PROBLEM DESCRIPTION |
An exact reproduction of the data below is the required answer.

Dataset items |

****************************************

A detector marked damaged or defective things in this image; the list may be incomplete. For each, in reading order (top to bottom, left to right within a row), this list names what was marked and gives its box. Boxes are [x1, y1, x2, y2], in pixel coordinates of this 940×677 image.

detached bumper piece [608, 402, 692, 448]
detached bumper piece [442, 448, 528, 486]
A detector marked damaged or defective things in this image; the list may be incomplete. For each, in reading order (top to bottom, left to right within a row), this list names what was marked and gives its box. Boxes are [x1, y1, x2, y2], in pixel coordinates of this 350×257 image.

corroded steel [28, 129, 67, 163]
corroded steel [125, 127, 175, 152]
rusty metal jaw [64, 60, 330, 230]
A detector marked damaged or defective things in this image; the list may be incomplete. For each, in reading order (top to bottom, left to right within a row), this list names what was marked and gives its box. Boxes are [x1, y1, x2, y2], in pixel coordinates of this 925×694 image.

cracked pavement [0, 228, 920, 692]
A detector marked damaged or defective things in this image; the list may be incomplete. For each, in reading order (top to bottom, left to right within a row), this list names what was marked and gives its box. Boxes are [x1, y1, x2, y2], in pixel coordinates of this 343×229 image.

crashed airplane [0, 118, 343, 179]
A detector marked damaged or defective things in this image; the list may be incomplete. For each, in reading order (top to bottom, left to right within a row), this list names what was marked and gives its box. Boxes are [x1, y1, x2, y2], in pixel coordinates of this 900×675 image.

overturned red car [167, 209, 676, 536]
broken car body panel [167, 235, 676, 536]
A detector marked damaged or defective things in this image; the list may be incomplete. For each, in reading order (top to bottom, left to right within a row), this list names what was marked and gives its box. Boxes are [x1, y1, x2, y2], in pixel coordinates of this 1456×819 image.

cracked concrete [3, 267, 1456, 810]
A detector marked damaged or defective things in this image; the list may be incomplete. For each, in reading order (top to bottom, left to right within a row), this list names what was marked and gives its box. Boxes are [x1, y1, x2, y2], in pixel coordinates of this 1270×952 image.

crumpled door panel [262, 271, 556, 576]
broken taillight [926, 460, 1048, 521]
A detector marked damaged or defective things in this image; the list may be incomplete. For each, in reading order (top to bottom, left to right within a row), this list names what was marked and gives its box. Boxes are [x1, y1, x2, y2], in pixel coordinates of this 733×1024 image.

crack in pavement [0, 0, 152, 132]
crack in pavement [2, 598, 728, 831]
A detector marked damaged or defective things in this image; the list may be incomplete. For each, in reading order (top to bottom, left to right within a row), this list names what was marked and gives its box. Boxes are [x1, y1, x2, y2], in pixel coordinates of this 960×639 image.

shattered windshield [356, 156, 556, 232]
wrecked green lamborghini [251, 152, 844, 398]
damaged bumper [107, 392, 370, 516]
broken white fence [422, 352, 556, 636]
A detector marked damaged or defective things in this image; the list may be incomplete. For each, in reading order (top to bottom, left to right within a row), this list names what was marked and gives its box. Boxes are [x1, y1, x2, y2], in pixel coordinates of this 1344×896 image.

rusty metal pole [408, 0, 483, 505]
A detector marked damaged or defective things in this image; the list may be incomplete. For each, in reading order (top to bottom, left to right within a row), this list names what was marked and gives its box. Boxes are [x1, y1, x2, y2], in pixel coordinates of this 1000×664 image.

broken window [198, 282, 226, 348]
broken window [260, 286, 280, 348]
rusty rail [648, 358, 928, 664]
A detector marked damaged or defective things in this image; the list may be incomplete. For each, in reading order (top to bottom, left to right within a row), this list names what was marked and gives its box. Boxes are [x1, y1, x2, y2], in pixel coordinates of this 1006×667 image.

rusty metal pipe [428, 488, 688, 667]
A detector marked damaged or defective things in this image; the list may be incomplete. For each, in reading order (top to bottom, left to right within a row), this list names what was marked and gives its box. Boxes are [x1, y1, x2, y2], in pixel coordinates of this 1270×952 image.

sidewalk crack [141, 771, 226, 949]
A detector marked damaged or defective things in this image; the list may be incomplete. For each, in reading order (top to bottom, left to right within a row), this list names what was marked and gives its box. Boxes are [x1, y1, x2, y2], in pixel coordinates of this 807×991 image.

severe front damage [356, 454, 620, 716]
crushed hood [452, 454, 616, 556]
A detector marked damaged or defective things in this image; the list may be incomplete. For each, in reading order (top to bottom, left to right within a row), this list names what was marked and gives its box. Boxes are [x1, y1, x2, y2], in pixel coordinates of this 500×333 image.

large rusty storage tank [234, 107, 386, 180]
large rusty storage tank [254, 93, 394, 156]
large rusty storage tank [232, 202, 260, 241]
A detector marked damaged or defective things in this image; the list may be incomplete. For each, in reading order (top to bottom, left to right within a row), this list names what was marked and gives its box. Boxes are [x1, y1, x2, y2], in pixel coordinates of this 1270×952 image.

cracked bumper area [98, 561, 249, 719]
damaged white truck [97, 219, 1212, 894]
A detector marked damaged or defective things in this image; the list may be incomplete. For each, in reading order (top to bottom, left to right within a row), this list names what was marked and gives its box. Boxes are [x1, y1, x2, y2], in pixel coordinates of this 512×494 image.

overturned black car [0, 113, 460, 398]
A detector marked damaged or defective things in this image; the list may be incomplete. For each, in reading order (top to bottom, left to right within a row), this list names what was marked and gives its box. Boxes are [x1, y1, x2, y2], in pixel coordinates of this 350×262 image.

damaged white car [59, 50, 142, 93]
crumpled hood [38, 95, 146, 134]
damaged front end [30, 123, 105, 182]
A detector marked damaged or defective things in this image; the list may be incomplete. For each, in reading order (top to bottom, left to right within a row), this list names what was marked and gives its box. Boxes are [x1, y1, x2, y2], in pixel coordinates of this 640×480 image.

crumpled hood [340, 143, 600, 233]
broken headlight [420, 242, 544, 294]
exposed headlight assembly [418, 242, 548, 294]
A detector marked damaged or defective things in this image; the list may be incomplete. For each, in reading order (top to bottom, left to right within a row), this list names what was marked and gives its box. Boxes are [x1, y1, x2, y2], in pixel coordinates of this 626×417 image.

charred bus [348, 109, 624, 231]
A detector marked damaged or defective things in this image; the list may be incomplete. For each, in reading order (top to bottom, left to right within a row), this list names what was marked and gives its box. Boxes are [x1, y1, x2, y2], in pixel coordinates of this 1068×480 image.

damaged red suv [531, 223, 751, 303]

****************************************

THE COMPLETED TASK |
A detector marked damaged or defective things in this image; the list may be incomplete. For each, in reading order (top to bottom, left to right within a row), this list names what was marked and gives its box. Boxes are [x1, y1, x2, y2], in pixel coordinates of this 940×677 image.

detached bumper piece [608, 402, 692, 448]
detached bumper piece [442, 448, 528, 486]
A detector marked damaged or defective things in this image; the list may be incomplete. For each, in reading order (top to bottom, left to right within a row), this list names what was marked and gives its box. Boxes are [x1, y1, x2, y2], in pixel coordinates of this 350×257 image.

corroded steel [28, 129, 67, 163]
corroded steel [125, 127, 175, 152]
rusty metal jaw [64, 60, 330, 230]
A detector marked damaged or defective things in this image; the list may be incomplete. For each, in reading order (top to bottom, left to right within a row), this list names what was marked and gives its box. Boxes are [x1, y1, x2, y2], in pixel coordinates of this 925×694 image.

cracked pavement [0, 228, 920, 692]
A detector marked damaged or defective things in this image; the list may be incomplete. For each, in reading order (top to bottom, left to right within a row), this list names what was marked and gives its box. Boxes are [x1, y1, x2, y2], in pixel coordinates of this 343×229 image.

crashed airplane [0, 118, 343, 179]
A detector marked damaged or defective things in this image; the list may be incomplete. For each, in reading order (top to bottom, left to right within a row), this list names what was marked and gives its box. Boxes are [x1, y1, x2, y2], in pixel coordinates of this 900×675 image.

overturned red car [167, 209, 676, 536]
broken car body panel [167, 235, 676, 536]
A detector marked damaged or defective things in this image; the list may be incomplete. For each, in reading order (top to bottom, left to right within a row), this list names what was marked and gives its box. Boxes are [x1, y1, x2, y2], in pixel coordinates of this 1456×819 image.

cracked concrete [3, 267, 1456, 810]
A detector marked damaged or defective things in this image; the list may be incomplete. For each, in reading order (top to bottom, left to right within a row), this list names what was marked and gives its box. Boxes are [x1, y1, x2, y2], in pixel coordinates of this 1270×952 image.

crumpled door panel [262, 271, 556, 576]
broken taillight [926, 460, 1048, 521]
A detector marked damaged or defective things in this image; the list may be incomplete. For each, in reading order (top to bottom, left to right within a row), this list names what was marked and gives its box. Boxes are [x1, y1, x2, y2], in pixel coordinates of this 733×1024 image.

crack in pavement [0, 0, 152, 132]
crack in pavement [2, 598, 728, 831]
A detector marked damaged or defective things in this image; the list may be incomplete. For each, in reading order (top to bottom, left to right within a row), this list names what was marked and gives its box. Boxes are [x1, y1, x2, y2], in pixel coordinates of this 960×639 image.

shattered windshield [356, 156, 556, 232]
wrecked green lamborghini [251, 152, 844, 398]
damaged bumper [107, 392, 370, 516]
broken white fence [422, 352, 556, 636]
A detector marked damaged or defective things in this image; the list may be incomplete. For each, in reading order (top to bottom, left to right within a row), this list names what was marked and gives its box. Boxes are [x1, y1, x2, y2], in pixel coordinates of this 1344×896 image.

rusty metal pole [408, 0, 483, 505]
A detector marked damaged or defective things in this image; the list may be incomplete. For each, in reading order (top to bottom, left to right within a row), this list names what was marked and gives its box. Boxes are [x1, y1, x2, y2], in pixel coordinates of this 1000×664 image.

broken window [198, 282, 226, 348]
broken window [260, 286, 280, 348]
rusty rail [648, 358, 928, 664]
A detector marked damaged or defective things in this image; the list may be incomplete. For each, in reading order (top to bottom, left to right within a row), this list names what was marked and gives its box. Boxes are [x1, y1, x2, y2], in pixel coordinates of this 1006×667 image.

rusty metal pipe [428, 488, 688, 667]
A detector marked damaged or defective things in this image; the list may be incomplete. For each, in reading order (top to bottom, left to right within a row), this list names what was marked and gives its box. Boxes are [x1, y1, x2, y2], in pixel coordinates of this 1270×952 image.

sidewalk crack [141, 771, 226, 949]
A detector marked damaged or defective things in this image; the list may be incomplete. For each, in reading order (top to bottom, left to right within a row), this list names what was marked and gives its box. Boxes are [x1, y1, x2, y2], in pixel coordinates of this 807×991 image.

severe front damage [356, 454, 620, 716]
crushed hood [452, 454, 616, 556]
A detector marked damaged or defective things in this image; the list may be incomplete. For each, in reading order (top to bottom, left to right within a row), this list names what was marked and gives its box. Boxes are [x1, y1, x2, y2], in pixel coordinates of this 500×333 image.

large rusty storage tank [234, 107, 386, 180]
large rusty storage tank [254, 93, 394, 156]
large rusty storage tank [232, 202, 260, 241]
A detector marked damaged or defective things in this image; the list may be incomplete. For each, in reading order (top to bottom, left to right within a row), this list names what was marked and gives its box. Boxes are [x1, y1, x2, y2], in pixel coordinates of this 1270×952 image.

cracked bumper area [98, 561, 249, 719]
damaged white truck [97, 219, 1212, 894]
A detector marked damaged or defective things in this image; the list may be incomplete. For each, in reading order (top to bottom, left to right within a row), this list names what was marked and gives its box. Boxes are [x1, y1, x2, y2], in pixel coordinates of this 512×494 image.

overturned black car [0, 113, 460, 398]
A detector marked damaged or defective things in this image; the list may be incomplete. For each, in reading order (top to bottom, left to right within a row), this list names what was marked and gives its box. Boxes are [x1, y1, x2, y2], in pixel coordinates of this 350×262 image.

damaged white car [59, 50, 142, 93]
crumpled hood [38, 95, 146, 134]
damaged front end [30, 123, 105, 182]
A detector marked damaged or defective things in this image; the list may be incomplete. For each, in reading order (top to bottom, left to right within a row), this list names what was marked and gives its box. Boxes are [x1, y1, x2, y2], in pixel coordinates of this 640×480 image.

crumpled hood [340, 143, 600, 233]
broken headlight [420, 242, 544, 294]
exposed headlight assembly [418, 242, 548, 294]
A detector marked damaged or defective things in this image; the list may be incomplete. For each, in reading order (top to bottom, left to right within a row), this list names what was marked and gives its box. Boxes are [x1, y1, x2, y2], in pixel coordinates of this 626×417 image.

charred bus [348, 109, 624, 231]
A detector marked damaged or defective things in this image; the list may be incomplete. For each, in reading order (top to bottom, left to right within a row), this list names what was marked and gives its box. Boxes are [x1, y1, x2, y2], in pixel coordinates of this 1068×480 image.

damaged red suv [531, 223, 751, 303]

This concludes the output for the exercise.